# TASK REQUIREMENTS
Output the listing below exactly, minus its images.

*** Block opens ***

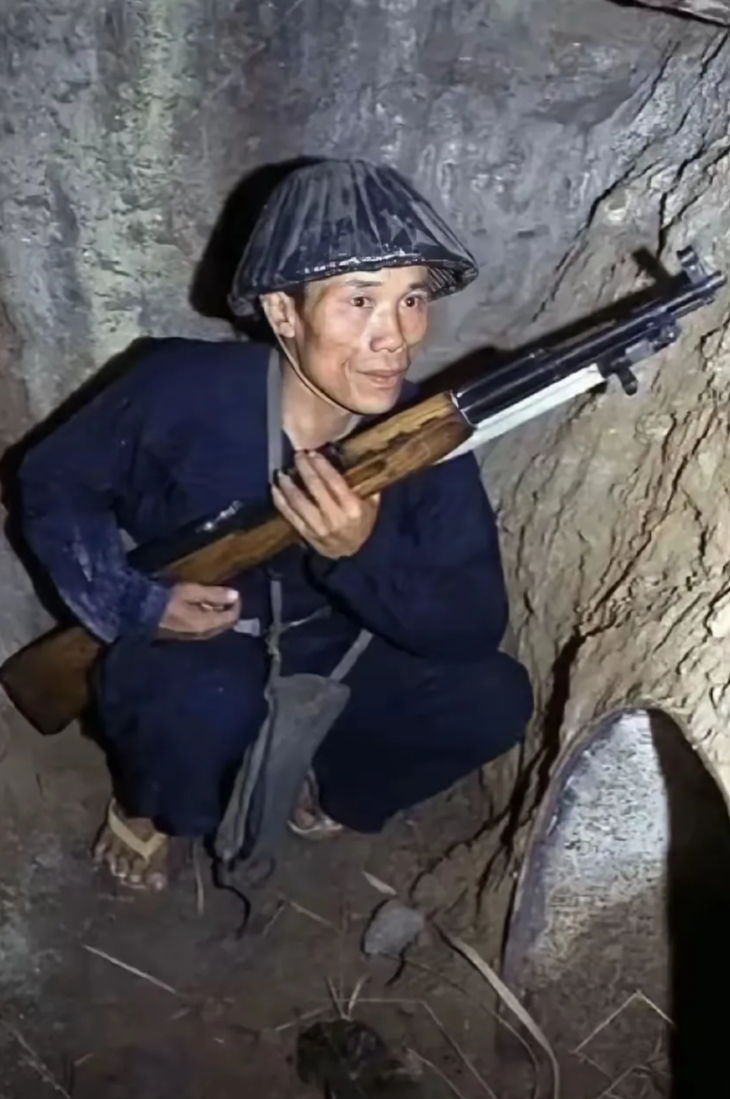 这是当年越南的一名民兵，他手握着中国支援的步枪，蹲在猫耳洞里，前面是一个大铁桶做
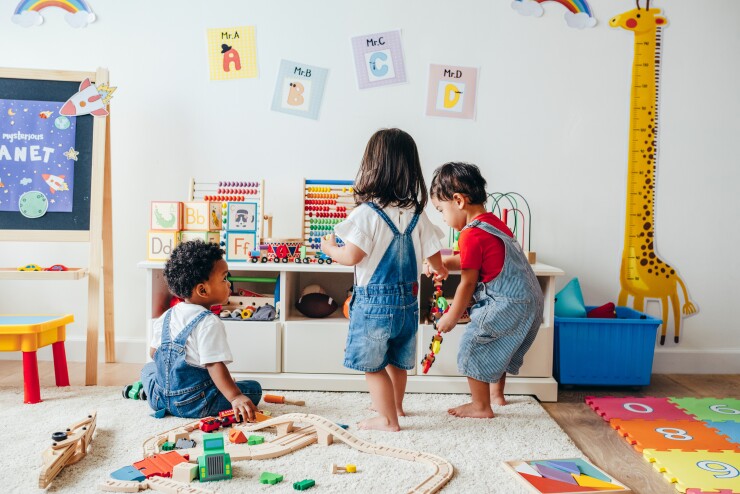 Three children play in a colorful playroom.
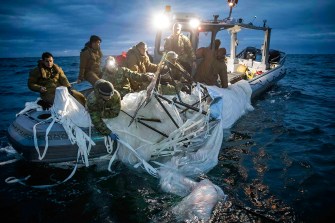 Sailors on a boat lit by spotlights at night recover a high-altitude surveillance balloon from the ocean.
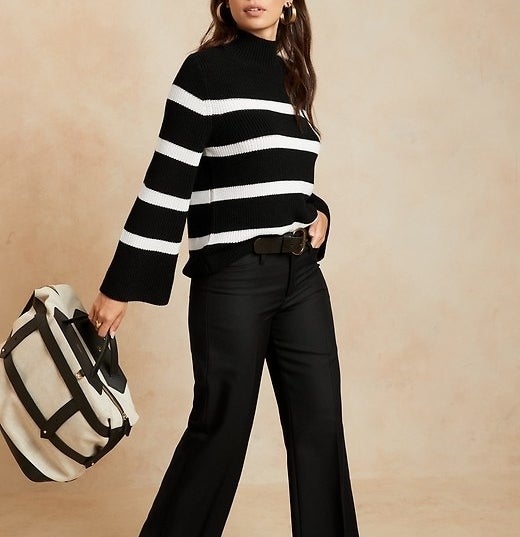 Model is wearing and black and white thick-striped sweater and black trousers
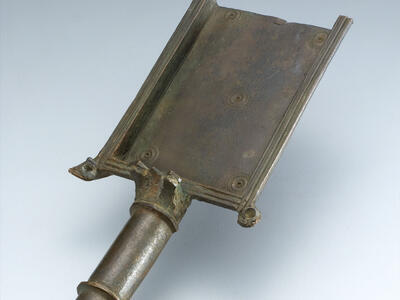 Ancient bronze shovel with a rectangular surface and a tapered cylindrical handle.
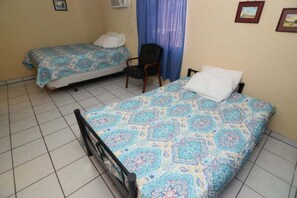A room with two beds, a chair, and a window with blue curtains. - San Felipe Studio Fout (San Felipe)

*** Block closes ***

# SOLVED EXERCISE
 这是当年越南的一名民兵，他手握着中国支援的步枪，蹲在猫耳洞里，前面是一个大铁桶做
 Three children play in a colorful playroom.
 Sailors on a boat lit by spotlights at night recover a high-altitude surveillance balloon from the ocean.
 Model is wearing and black and white thick-striped sweater and black trousers
 Ancient bronze shovel with a rectangular surface and a tapered cylindrical handle.
A room with two beds, a chair, and a window with blue curtains. - San Felipe Studio Fout (San Felipe)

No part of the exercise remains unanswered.